Todo esto está bien si es nuestro estado de conciencia es que Dios está allá afuera, y que de verdad se ocupará de nosotros si se lo pedimos con insistencia. No quiero por ningún momento decir que los que están en fe y creen firmemente en esta manera de orar están equivocados, es más, creo que deben seguir orando como salga de su corazón; pero si sienten que sus oraciones no están siendo escuchadas o contestadas permítanme sugerirles el practicar las enseñanzas del Maestro Jesús: “Pedid y dad gracias como si ya se os hubiese dado y se os dará”, “Porque vuestro Padre sabe de qué cosas tenéis necesidad, antes que vosotros le pidáis”, “No os preocupéis por vuestra vida, qué comeréis o qué beberéis; ni por vuestro cuerpo, qué vestiréis” ¿Qué nos está diciendo Jesús? : Primero, que Dios ya nos entregó todo lo necesario y en abundancia para que nuestra vida sea placentera en esta dimensión, que solo tenemos que dar gracias y recibirlo, segundo: que el Padre ya lo sabe, lo ha sabido siempre, que lo supo desde el principio de la creación y tomó previsión de ello, que está en nuestra conciencia el recibirlo y manifestarlo. (Por lo que el recordárselo es pensar que Dios tiene mala memoria) Jesús también nos enseña a orar al legarnos el Padre Nuestro, donde nos entrega una serie de afirmaciones, donde debemos afirmar con convicción, con fe. 

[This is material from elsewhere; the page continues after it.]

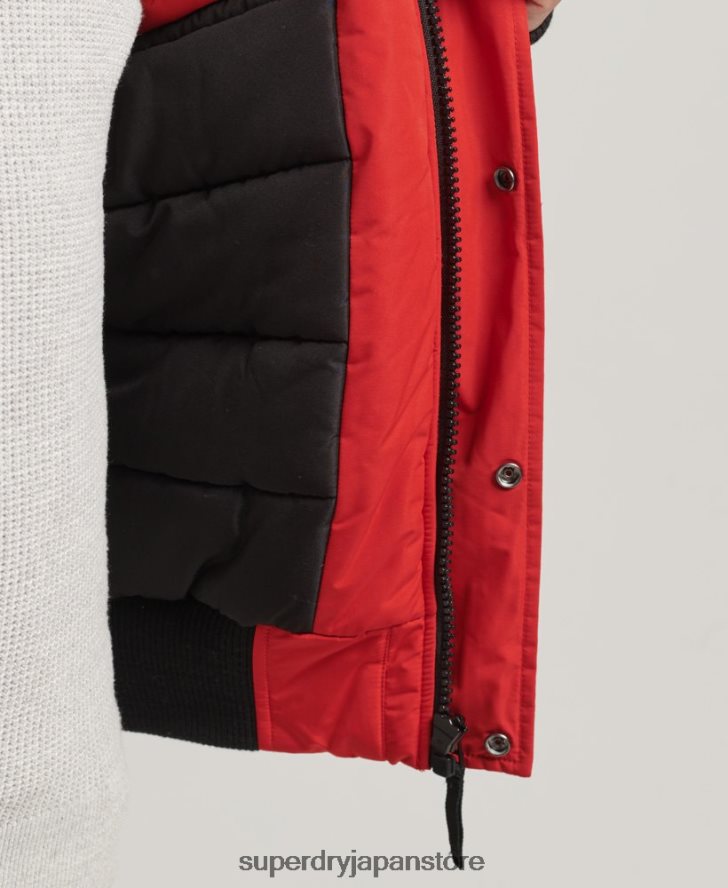 エベレスト ボンバージャケット 男性 Superdry 衣類 赤 2J62PZ4455
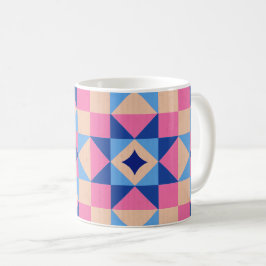 Caneca De Café Colcha de Bloco de Estrela Moderna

En la Afirmación está el secreto de la oración contestada. Cuando afirmamos estamos reconociendo, y nuestra conciencia se adecua a este hecho aceptándolo como tal. 
​Cuando pedimos algo entonces lo debemos hacer en forma afirmativa, reconociendo que ya nos fue dado, y se nos dará, porque en el no tiempo, no espacio, ya fue entregado.

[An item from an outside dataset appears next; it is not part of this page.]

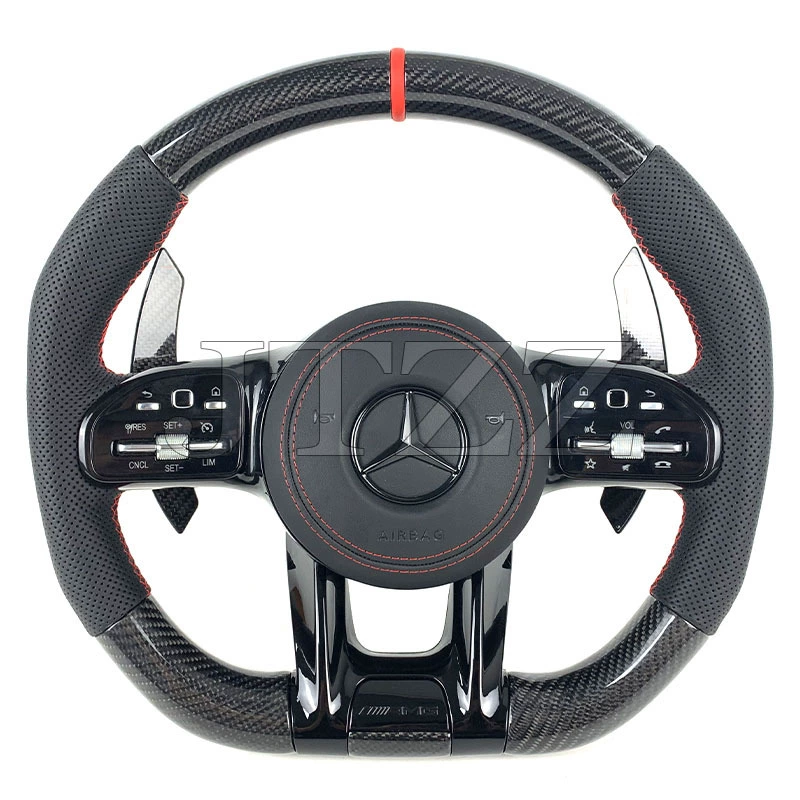 Подходит для Mercedes‑Benz AMG A/C/E/G-класса, C205 W166 W167 W213, старые и новые, карбоновый руль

Ahora bien, aquí hay una situación interesante: cuando pedimos algo lo primero que estamos reconociendo es la carencia, es decir en conciencia creemos que no lo tenemos, no estamos reconociendo que Dios ya no lo entregó y que está en nuestras manos el apropiarnos de ello. Estamos afirmando inconscientemente que no lo tenemos, es por eso que aun afirmando una petición, sigue oculto en nuestra conciencia la sensación de carencia, por lo tanto lo que obtenemos es eso, solo carencia. 
¿Cómo resolverlo?... No pidamos, reconozcamos solo el Poder-Dios, hagamos conciencia de que al Padre le plació darnos el reino, demos gracias por todas las cosas que ya nos entregó, amémosle por darnos tanto y en abundancia, reconozcamos su creación perfecta, permanezcamos en Él, en la conciencia de unión. No nos cansemos de dar gracias...gracias...gracias Padre por todo el bien que preparó especialmente para cada uno de tus hijos desde el principio de la creación, demos gracias por que ya lo recibimos, porque ya está ahí y se manifestará.